- Born: Stroud, Oklahoma, US

Academic background
- Alma mater: BSc, Aerospace Engineering, 1983, MSc, Mechanical Engineering, 1986, PhD, Aerospace Engineering, 1989, University of Oklahoma
- Thesis: A computational analysis of the transonic flow field of two-dimensional mininum length nozzles (1989)
- Doctoral advisor: George Emanuel

Academic work
- Institutions: Ann and H.J. Smead Department of Aerospace Engineering Sciences University of Oklahoma

= Brian Argrow =

American aerospace engineer

Brian Maurice Argrow is an American aerospace engineer and Professor in the Department of Aerospace Engineering Sciences at the University of Colorado Boulder. Currently, he serves as the Chair of the department. Argrow specializes in the field of hypersonic aerodynamics, rarefied gas dynamics, dense gas dynamics, and UAVs.

==Early life and education==
Argrow was born to parents Essie Argrow and Lavonne Davis in Oklahoma where he attended Stroud High School. Following high school, Argrow graduated from the University of Oklahoma (OU) on the Dean's Honor Roll in 1983. Upon graduating with his Bachelor's degree, he spent three months with Aerospace Engineering Support in El Segundo, California before pursuing his Master's degree. He then returned to the University of Oklahoma for his Master of Science degree and PhD, where he earned the 1989 national Black Engineer of the Year Award in the student leadership category.

==Career==
Upon completing his PhD, Argrow accepted an assistant professor position at the University of Oklahoma's School of Aerospace and Mechanical Engineering from 1989 to 1992. He left OU in 1992 to accept a similar faculty position at the University of Colorado Boulder's (CU Boulder) Ann and H.J. Smead Department of Aerospace Engineering Sciences. Upon joining the faculty, Argrow's research team was the first to verify the method of osculating cones for supersonic waverider design. He also created a shock tube to create uniform static initial conditions near 800 °F to explore non-classical dense gas dynamics. As a result of his research, Argrow was the 2000 recipient of the President's Teaching Scholar.

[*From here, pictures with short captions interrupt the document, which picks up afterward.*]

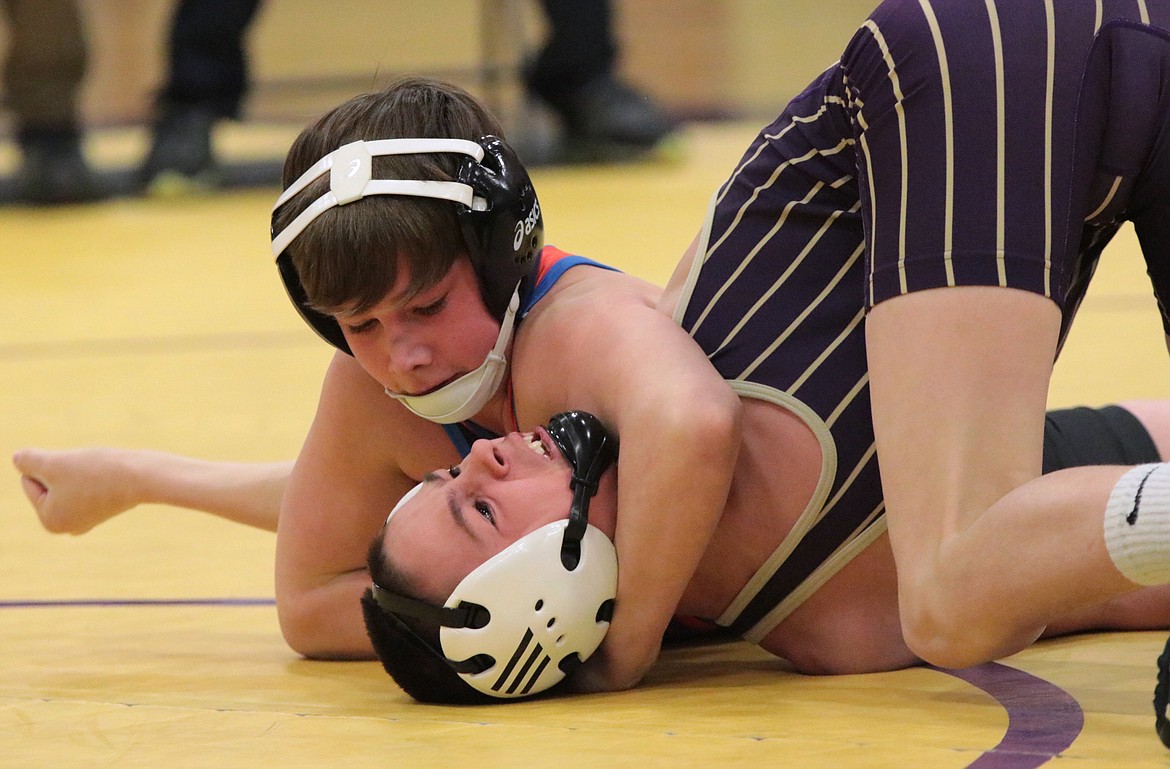 Viking Traic Fainter pinned Cut Bank's Richard Schmidt in 23 seconds in the consolation semifinals of the 103-pound division of the Class B/C Divisional wrestling meet in Cut Bank.
Courtesy Sally Anderson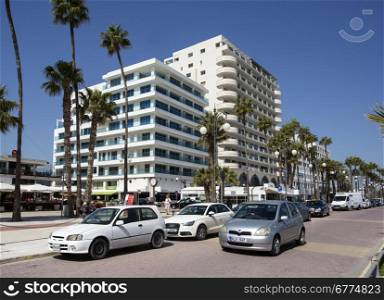 LARNACA, CYPRUS - MARCH 23,2015 : Seafront walkway at Foinikoudes Beach Larnaca on the south coast of the Mediterranean island of Cyprus.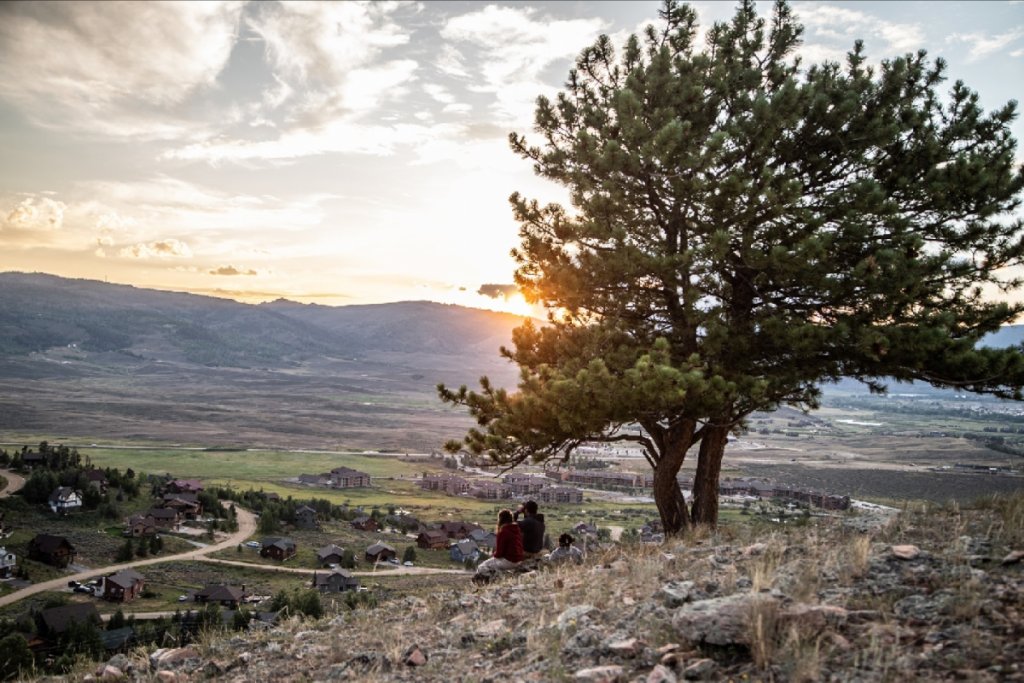 A couple sits on a rocky hill at sunset, gazing at a sprawling valley with houses and distant mountains in Grand County Colorado.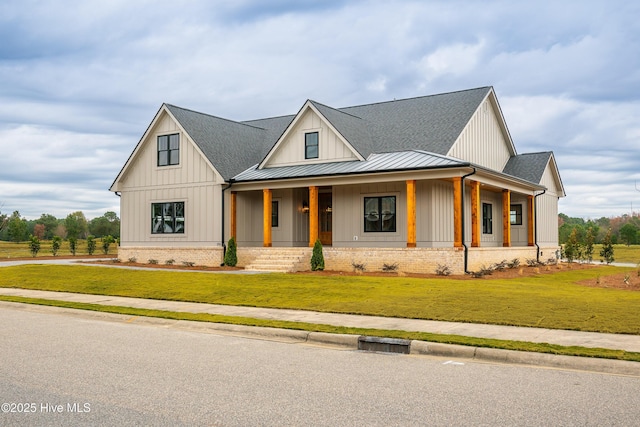 modern farmhouse style home featuring board and batten siding, covered porch, a front yard, metal roof, and a standing seam roof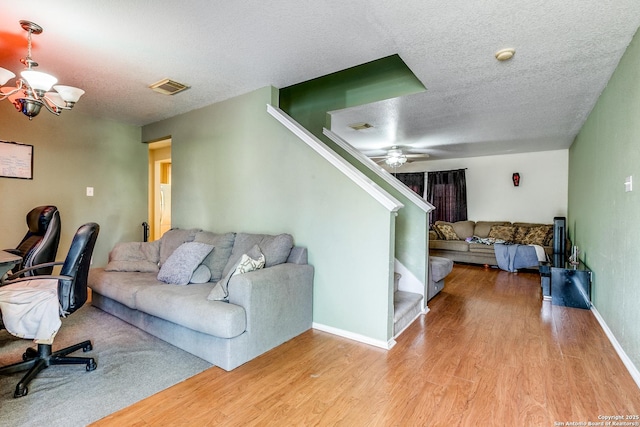 living room featuring ceiling fan with notable chandelier, light wood-type flooring, and a textured ceiling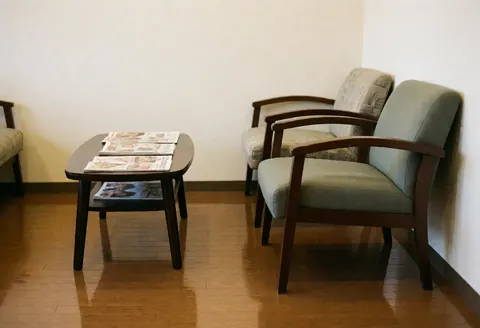 Vue latérale de l'intérieur d'un salon de barbier avec des chaises, une table, des magazines et un sol en bois poli.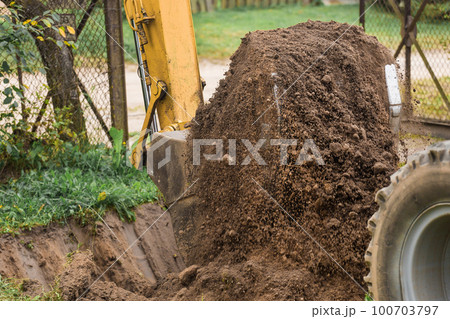 A bucket of a bulldozer digs the ground with a grass close-up in an industrial area. Excavation work on the construction site A bucket of a bulldozer digs the ground with a grass close-up in an industrial area. Excavation work on the construction site 100703797
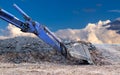 Blue backhoe shovel on the ground stone road with cloudy sky as a backdrop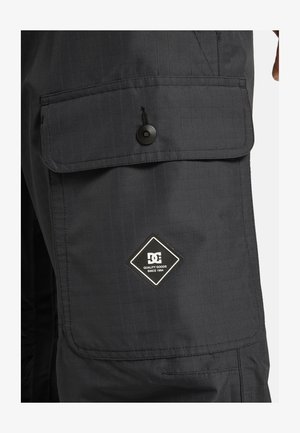Schwarze Cargo-Hose mit einem strukturierten Rautenmuster. Verfügt über eine große Fronttasche mit Knopfverschluss und einem DC-Logo-Patch.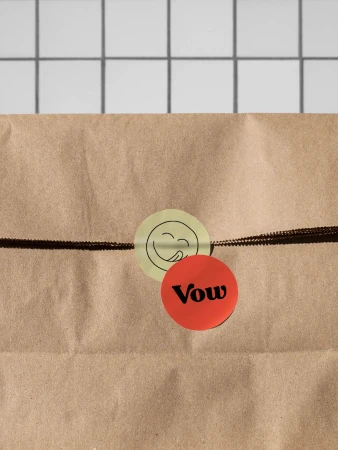 A brown paper bag is sealed with a round yellow sticker featuring a simple cartoon face and a red sticker with the word 'Vow' on it.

In 2004, Argrow became the founding director of the Research and Engineering Center for Unmanned Vehicles (RECUV) at CU Boulder. In this role, Argrow continued to monitor hurricanes while collaborating with Erik Rasmussen through the Norman-based National Severe Storms Laboratory. He also served in various leadership roles outside of CU Boulder including co-chairing the first Symposium for Civilian Applications of Unmanned Aircraft Systems and serving on the NASA Advisory Council's Unmanned aerial vehicle Subcommittee. In 2007, Argrow was appointed the associate dean for education in the College of Engineering and Applied Science. Two years later, he was one of the leaders of the Verification of the Origins of Rotation in Tornadoes Experiment 2, the largest scientific study of twisters in history. In this role, he helped track the formation of tornados through the central Great Plains by co-developing an unmanned aerial vehicle to fly into the middle of the storm.

Argrow's research team later collaborated with researchers at the University of Nebraska–Lincoln to intercept supercells with an Unmanned Aerial Systems for the first time. Through funding from the National Severe Storms Laboratory (NSSL), Argrow's research team flew a UAS across northeast Colorado to collect sample outflows from several supercells. In 2014, Argrow completed a semester sabbatical at the National Oceanic and Atmospheric Administration NSSL at the National Weather Center. Upon returning from his sabbatical, Agrow was elected a Fellow of the American Institute of Aeronautics and Astronautics as someone who had contributed and advanced the aerospace industry. A few years later, he was named the inaugural holder of the Schaden Leadership Chair in Aerospace Engineering Sciences.

In February 2022, Argrow was elected a Member of the National Academy of Engineering for "contributions to unmanned aerial systems capable of penetrating severe storms and leadership in their application to scientific observation."

==Personal life==
Argrow and his wife Gwen have one daughter together.